AI news: Chainguard Launches Security Tools for AI-Generated Code Pipelines

AI coding assistants are writing more code than ever, and every line they generate pulls in open-source dependencies that nobody is manually reviewing. Chainguard, the supply-chain security company, just shipped four products aimed squarely at that gap.

At its Assemble 2026 conference in New York on March 19, the company rolled out Chainguard Actions, Agent Skills, a unified Repository, and Commercial Builds. Together, they represent a bet that securing the software supply chain (the full trail of code, packages, and tools that go into a deployed application) is now an AI problem, not just a human one.

What Actually Shipped

Chainguard Actions are pre-secured CI/CD workflows, starting with GitHub Actions. The system automatically ingests popular third-party workflows, scans them against security rules, fixes unsafe patterns like excessive permissions or dependency confusion risks, and republishes hardened versions.

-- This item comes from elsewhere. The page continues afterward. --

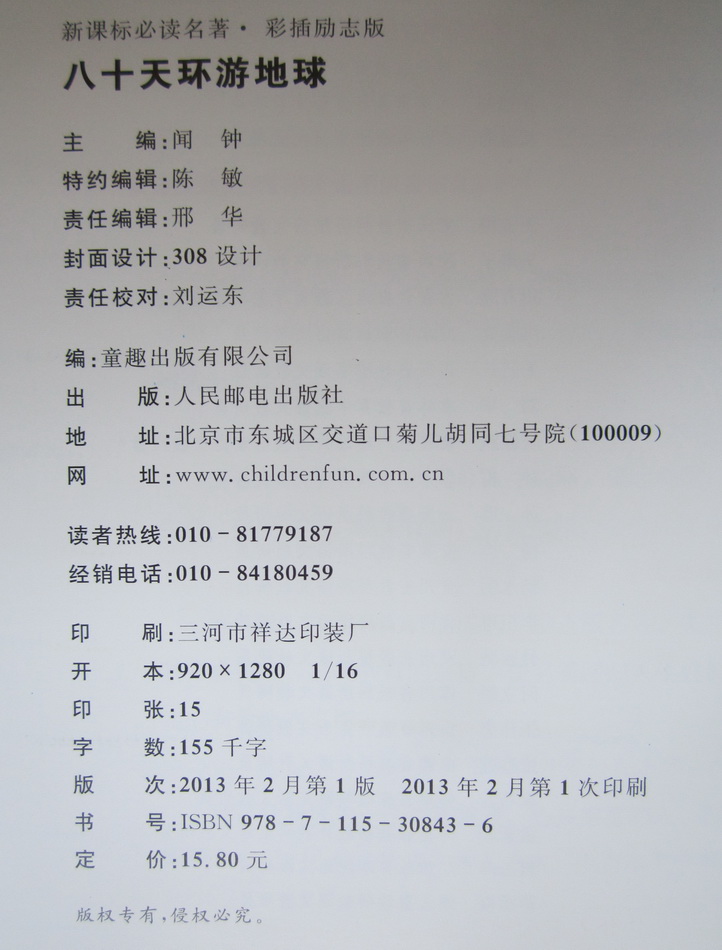 八十天环游地球儒勒凡尔纳正版全本全集学校指定七八九年级老师指定初中生课外读物名著书籍初一二三智慧熊彩插世界名著阅读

Each comes with a software bill of materials (SBOM) and provenance attestations so teams can verify exactly what they're running. Beta launched March 17.

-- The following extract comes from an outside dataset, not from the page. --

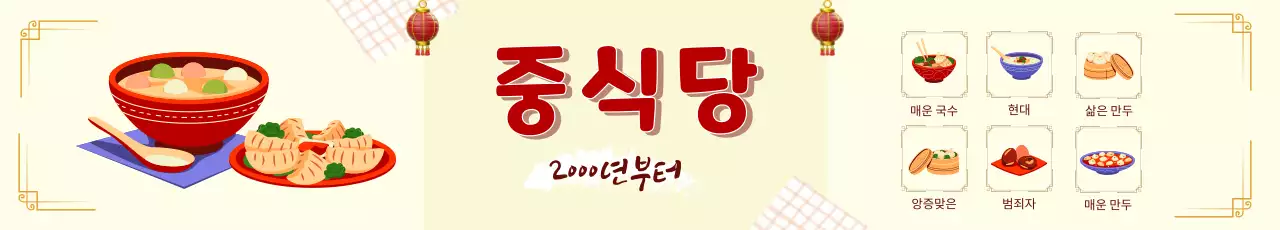 일러스트를 활용한 미니멀리스트 푸드 레스토랑 메뉴 프로모션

CEO Dan Lorenc put it bluntly: "CI/CD pipelines power modern software delivery, but the privileged workflows remain one of the least secured layers."

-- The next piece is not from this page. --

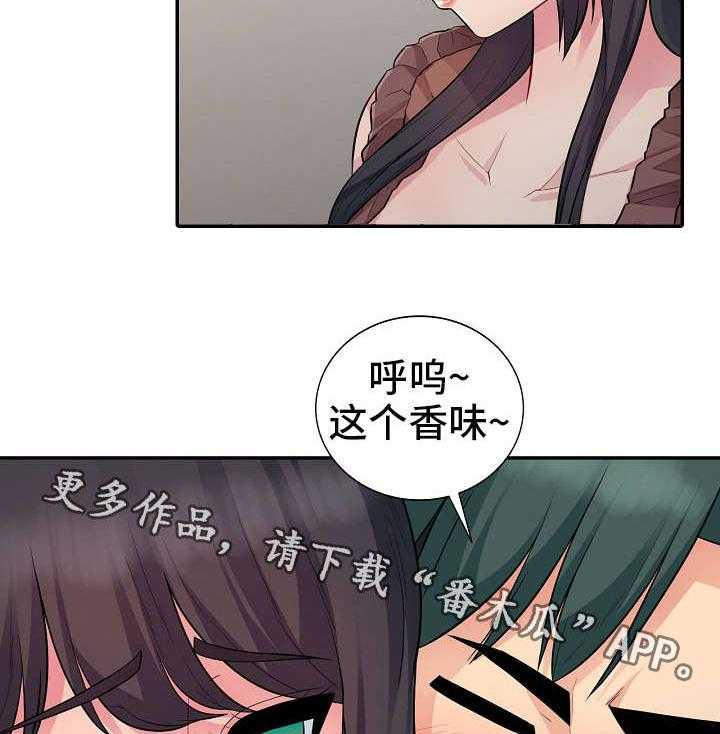 《共同目的》漫画最新章节第21话 21_揭露免费下拉式在线观看章节第【10】张图片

Chainguard Agent Skills is the more unusual launch. As AI coding agents like Cursor, Claude Code, and GitHub Copilot gain the ability to use external tools and plugins, those plugins become attack surface. Chainguard's catalog ingests skills from community registries, reviews them against security rules, and hardens them using its own reconciliation agents before publishing with full audit trails.

Chainguard Repository bundles everything (containers, libraries, OS packages, CI/CD workflows, and agent skills) into a single endpoint with policy enforcement baked in. Think of it as one place to pull all your dependencies where the security review already happened.

Commercial Builds is a partner program where software vendors ship Chainguard-hardened container images. Early partners include GitLab, Elastic, Grafana Labs, F5 NGINX, and Azul.

The Actual Problem Being Solved

Here's the tension: AI coding tools help developers write and ship faster, but they also pull in dramatically more open-source packages. More packages means more potential vulnerabilities, and human security teams can't review at that speed. Lorenc framed it as a scaling problem: "The challenge is no longer just generating code, but using AI and secure pipelines to scale review and ensure software is safe to ship."

Chainguard is also expanding beyond container images into Python, Java, and JavaScript library artifacts, which tracks with where AI-generated code actually lives. Most AI coding assistants aren't producing Docker containers directly. They're writing Python scripts and JavaScript functions that import dozens of packages.

Who This Is For

Most individual developers and small teams won't interact with Chainguard directly. This is enterprise infrastructure, the kind of thing a platform engineering team deploys so that everyone else can move fast without thinking about supply chain attacks.

But the Agent Skills piece is worth watching for anyone building with AI coding agents. Right now, the plugin and tool ecosystems around AI agents are mostly unaudited. Someone has to start vetting those, and Chainguard is positioning itself as that layer.

The broader signal here: as AI writes more of our code, the security industry is scrambling to build automated review systems that can keep pace. Patching after deployment was already losing the race. With AI accelerating the pipeline, it's not even close.